Directions for this task —
Go to the line containing "Image - Relatório" and return it and each line after it exactly, through the end of the data below, and nothing more.

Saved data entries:
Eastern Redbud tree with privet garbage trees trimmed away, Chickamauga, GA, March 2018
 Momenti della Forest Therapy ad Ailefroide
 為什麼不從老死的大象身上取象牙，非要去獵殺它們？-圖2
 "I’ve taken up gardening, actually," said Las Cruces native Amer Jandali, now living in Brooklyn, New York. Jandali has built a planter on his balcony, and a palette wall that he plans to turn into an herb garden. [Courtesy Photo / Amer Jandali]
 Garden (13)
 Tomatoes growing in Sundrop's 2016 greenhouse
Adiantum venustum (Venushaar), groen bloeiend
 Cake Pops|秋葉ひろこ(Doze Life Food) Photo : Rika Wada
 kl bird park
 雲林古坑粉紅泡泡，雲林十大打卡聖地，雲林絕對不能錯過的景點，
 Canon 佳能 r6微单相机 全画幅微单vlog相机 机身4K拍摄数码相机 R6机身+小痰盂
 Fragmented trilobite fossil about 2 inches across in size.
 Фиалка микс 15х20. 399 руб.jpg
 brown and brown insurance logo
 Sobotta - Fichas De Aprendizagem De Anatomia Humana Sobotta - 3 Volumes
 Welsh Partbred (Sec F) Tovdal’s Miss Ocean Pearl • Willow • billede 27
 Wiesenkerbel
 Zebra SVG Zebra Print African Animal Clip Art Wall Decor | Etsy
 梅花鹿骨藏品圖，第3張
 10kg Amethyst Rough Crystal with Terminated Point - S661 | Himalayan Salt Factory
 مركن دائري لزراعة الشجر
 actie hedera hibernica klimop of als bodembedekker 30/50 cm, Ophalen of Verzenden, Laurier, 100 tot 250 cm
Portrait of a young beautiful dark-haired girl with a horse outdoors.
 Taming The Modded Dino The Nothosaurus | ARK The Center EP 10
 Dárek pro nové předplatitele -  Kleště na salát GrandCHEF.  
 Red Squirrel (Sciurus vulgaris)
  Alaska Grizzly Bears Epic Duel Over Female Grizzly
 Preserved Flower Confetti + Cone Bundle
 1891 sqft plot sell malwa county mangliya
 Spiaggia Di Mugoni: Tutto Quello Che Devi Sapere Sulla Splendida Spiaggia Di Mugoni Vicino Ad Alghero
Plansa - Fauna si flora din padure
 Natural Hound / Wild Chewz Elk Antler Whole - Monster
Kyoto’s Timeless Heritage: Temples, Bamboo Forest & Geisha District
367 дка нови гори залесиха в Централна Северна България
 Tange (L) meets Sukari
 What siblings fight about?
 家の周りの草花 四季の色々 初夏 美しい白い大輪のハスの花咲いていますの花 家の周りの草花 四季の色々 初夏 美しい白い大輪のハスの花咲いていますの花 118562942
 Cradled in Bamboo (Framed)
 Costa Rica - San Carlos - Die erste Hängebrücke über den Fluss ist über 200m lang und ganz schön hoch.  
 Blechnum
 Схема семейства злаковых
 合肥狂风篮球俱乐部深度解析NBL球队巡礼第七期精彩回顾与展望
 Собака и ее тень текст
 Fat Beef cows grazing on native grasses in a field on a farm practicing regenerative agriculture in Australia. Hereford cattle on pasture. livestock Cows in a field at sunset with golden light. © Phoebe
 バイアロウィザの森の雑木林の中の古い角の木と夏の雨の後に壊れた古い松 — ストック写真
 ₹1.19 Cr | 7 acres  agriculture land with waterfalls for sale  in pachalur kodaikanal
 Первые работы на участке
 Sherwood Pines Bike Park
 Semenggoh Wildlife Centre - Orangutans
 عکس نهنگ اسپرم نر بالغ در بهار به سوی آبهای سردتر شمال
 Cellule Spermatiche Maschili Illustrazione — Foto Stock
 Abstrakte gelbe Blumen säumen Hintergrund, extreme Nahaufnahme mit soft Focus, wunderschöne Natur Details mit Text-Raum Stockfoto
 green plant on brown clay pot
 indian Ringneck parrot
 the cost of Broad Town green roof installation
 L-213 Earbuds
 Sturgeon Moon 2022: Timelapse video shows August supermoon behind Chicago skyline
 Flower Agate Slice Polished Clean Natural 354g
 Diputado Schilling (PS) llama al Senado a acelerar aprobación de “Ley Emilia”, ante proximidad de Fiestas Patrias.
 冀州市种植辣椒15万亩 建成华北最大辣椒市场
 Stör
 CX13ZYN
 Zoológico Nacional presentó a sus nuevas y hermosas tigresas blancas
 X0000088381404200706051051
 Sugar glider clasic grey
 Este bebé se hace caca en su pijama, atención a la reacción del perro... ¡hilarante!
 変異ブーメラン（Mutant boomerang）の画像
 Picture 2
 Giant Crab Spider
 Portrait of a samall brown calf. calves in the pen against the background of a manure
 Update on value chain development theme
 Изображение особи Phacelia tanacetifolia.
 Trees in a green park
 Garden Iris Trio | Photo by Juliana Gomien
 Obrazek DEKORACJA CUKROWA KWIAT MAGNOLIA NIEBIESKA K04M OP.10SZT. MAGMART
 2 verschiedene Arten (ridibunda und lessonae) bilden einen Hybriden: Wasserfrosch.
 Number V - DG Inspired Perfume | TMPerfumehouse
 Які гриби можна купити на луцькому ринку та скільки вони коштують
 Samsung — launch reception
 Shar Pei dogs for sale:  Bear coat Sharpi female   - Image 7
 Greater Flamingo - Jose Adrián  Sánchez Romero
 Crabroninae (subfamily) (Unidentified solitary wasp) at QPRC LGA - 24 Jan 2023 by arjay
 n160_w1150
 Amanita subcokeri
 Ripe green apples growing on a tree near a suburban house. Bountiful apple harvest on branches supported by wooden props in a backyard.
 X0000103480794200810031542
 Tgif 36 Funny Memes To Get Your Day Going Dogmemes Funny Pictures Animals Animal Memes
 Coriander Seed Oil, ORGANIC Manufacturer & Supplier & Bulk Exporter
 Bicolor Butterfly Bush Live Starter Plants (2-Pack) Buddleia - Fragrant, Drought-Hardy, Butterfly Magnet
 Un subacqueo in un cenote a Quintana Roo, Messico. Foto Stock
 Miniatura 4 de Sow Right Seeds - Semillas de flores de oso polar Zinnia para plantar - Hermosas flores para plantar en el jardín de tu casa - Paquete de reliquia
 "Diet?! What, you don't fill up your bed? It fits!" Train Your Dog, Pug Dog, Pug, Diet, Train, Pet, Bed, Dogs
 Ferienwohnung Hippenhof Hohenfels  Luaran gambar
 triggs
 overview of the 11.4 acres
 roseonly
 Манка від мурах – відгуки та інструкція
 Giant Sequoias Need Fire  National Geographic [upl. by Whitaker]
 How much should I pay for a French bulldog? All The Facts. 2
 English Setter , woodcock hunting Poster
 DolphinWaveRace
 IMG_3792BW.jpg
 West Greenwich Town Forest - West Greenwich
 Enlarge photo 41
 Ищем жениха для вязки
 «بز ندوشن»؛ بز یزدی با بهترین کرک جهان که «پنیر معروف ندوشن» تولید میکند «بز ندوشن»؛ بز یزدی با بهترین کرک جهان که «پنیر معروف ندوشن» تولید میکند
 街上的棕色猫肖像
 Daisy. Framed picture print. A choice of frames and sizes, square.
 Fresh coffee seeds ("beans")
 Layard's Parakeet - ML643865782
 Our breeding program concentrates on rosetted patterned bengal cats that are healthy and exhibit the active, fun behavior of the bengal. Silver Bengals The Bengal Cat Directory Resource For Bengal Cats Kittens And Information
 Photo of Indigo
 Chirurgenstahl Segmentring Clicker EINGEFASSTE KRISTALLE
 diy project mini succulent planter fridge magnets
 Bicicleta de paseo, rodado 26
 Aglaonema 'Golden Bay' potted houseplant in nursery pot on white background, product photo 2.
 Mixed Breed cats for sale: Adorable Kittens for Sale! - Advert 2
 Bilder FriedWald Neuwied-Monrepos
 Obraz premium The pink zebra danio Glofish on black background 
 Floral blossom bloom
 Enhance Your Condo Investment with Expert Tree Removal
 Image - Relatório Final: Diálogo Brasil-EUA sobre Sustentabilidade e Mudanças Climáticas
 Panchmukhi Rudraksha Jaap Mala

Your response —
 Image - Relatório Final: Diálogo Brasil-EUA sobre Sustentabilidade e Mudanças Climáticas
 Panchmukhi Rudraksha Jaap Mala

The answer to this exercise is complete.